Report No. PA-95-1
CONTENTS
Page EXECUTIVE SUMMARY
1
1.0 BACKGROUND
4
2.0 TEST PROCEDURE
4 2.1 Process Description 4 2.2 Sampling Description 8
3.0 TEST RESULTS
9 3.1 Pulp Quality
10 3.2 Effluent
Characteristics
11 3.3 Operating
Costs
13
4.0 CONCLUSIONS AND RECOMMENDATIONS
16
APPENDICES
Appendix A Process Flow Diagram
Appendix B Effluent/Sludge Test Results and Polymer Applications
Appendix C TAPPI Test Methods
Appendix D
Operating Cost Data Units of Consumption Unit Cost MajorAssumptions EXECUTIVE
SUMMARY
The lack of affordable, efficient, small-scale technologies for recovery of high-value, low-volume fiber, such as from poly-coated bleached paperboard, poses a significant technological barrier to their recycling. This report details the evaluation of a small-scale system for fiber recovery from milk carton/drink boxes (MCDBs).
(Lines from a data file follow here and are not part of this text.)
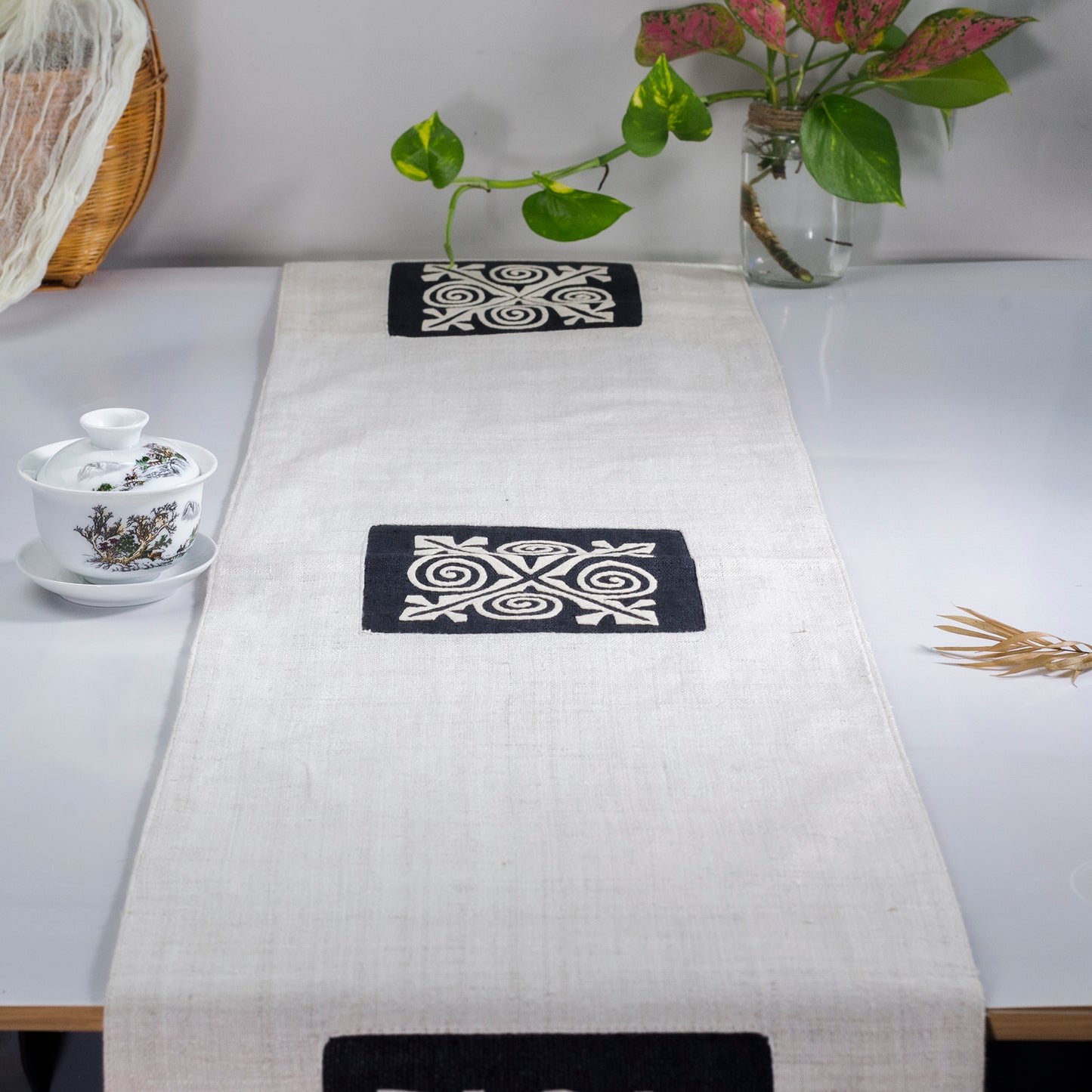 White Hemp Table Runner, patterns on black background, hand-stitched details at both ends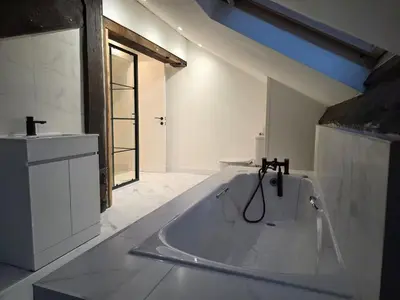 a white bathroom with a tub and a sink at Liverpool Penthouse - Sleeps 8 - City Centre in Liverpool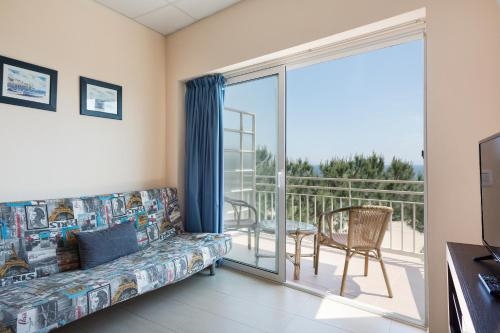 Imagen de la habitación del Hotel Aparthotel Xic. Foto 10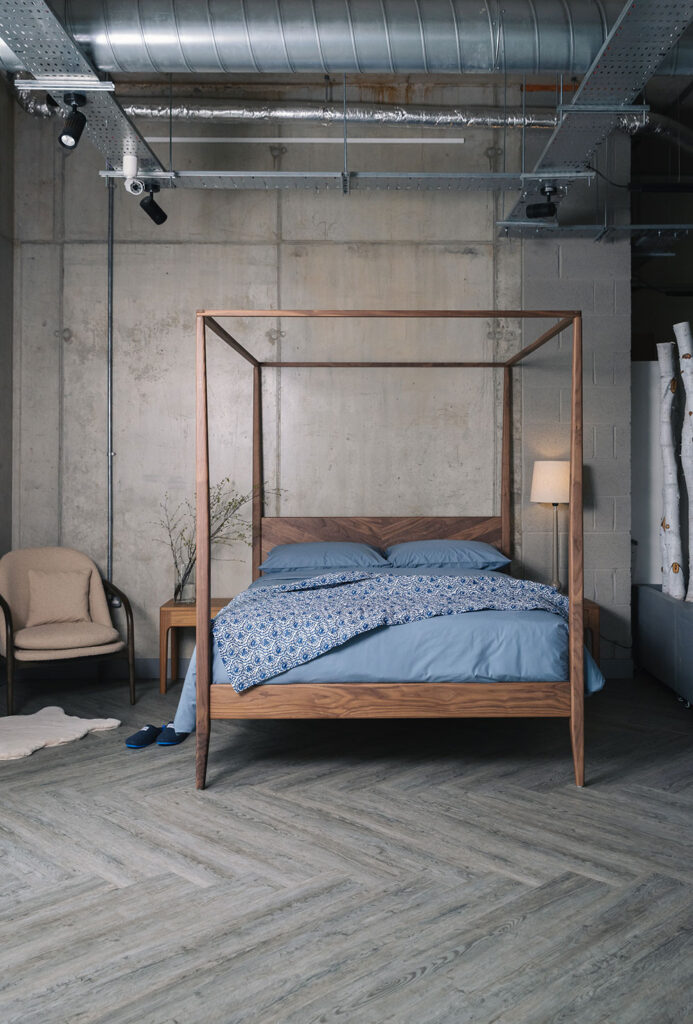 walnut Harrow bed with blue bedding portrait
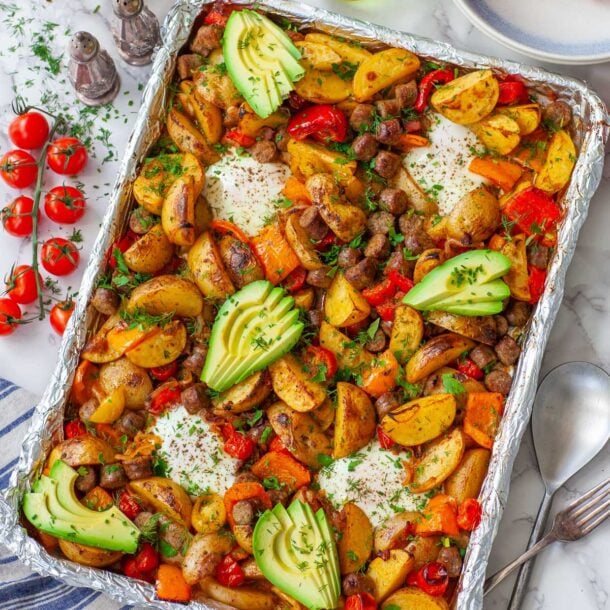 a sheet pan with breakfast potatoes, eggs and vegetables, on a table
Pulp characteristics, effluent characteristics, and operating costs were monitored during the system's trial.
Typically, only large-scale paper producers/recyclers are able to sustain the high capital expenditures and low return on investment that are characteristic of most fiber recovery operations. Regenex L.L.C. (a spin-off company of Pellerin Milnor Corporation, a leading manufacturer of commercial laundry equipment) has developed a modular fiber recovery system that is a variation of an established Pellerin Milnor product line known as the continuous batch Tunnel Washer system. Due to the unique material transfer methods of the Tunnel Washer system, several process functions are combined in a single piece of equipment. The new technology also allows reasonable return on investment for value-added processing of MCDBs on a scale significantly smaller than conventional paper mill technology allows (e.g., on the order of 3 bone-dry-tons/day versus 300 bone-dry-tons/day). The modular system is characterized by both low capital cost and low operating expenses, thus making small-scale fiber recovery operations feasible.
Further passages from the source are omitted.